## Task item:
From the records below, find each line with the string "Green" and copy it.

## Data for this exercise:
============================================================
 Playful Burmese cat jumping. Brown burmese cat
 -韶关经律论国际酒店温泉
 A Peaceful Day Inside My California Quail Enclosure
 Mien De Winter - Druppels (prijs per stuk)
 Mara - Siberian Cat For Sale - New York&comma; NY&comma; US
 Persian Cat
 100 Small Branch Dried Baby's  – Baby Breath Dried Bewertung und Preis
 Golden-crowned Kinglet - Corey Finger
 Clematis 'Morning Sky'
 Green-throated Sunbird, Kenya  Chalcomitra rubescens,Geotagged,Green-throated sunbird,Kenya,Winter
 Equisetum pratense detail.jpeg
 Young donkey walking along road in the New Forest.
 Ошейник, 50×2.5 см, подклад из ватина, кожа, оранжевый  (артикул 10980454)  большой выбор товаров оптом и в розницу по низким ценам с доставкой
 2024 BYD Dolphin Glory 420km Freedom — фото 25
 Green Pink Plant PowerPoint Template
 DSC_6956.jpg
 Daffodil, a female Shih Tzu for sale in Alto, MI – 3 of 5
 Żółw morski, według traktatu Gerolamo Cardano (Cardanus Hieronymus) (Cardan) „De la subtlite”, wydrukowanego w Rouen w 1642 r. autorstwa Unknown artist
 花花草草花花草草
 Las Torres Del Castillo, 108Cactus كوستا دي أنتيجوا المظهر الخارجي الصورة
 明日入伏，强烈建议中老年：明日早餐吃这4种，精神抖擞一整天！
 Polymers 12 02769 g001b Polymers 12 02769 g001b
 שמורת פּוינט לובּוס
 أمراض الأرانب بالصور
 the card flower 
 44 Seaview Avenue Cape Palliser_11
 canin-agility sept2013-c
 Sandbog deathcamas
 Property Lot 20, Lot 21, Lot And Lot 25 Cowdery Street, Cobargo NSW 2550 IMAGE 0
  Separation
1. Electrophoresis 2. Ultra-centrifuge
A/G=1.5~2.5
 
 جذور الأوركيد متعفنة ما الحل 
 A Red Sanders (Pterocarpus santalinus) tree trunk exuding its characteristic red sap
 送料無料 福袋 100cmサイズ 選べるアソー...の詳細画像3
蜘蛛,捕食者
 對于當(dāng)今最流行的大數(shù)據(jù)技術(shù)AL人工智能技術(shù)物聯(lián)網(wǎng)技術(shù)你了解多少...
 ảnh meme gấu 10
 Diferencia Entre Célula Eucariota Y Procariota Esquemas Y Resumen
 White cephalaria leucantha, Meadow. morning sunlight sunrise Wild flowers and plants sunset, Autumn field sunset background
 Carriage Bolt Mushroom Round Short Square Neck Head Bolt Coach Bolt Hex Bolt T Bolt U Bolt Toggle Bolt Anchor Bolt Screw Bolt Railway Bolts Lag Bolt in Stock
============================================================
## Written reply:
 Green-throated Sunbird, Kenya  Chalcomitra rubescens,Geotagged,Green-throated sunbird,Kenya,Winter
 Green Pink Plant PowerPoint Template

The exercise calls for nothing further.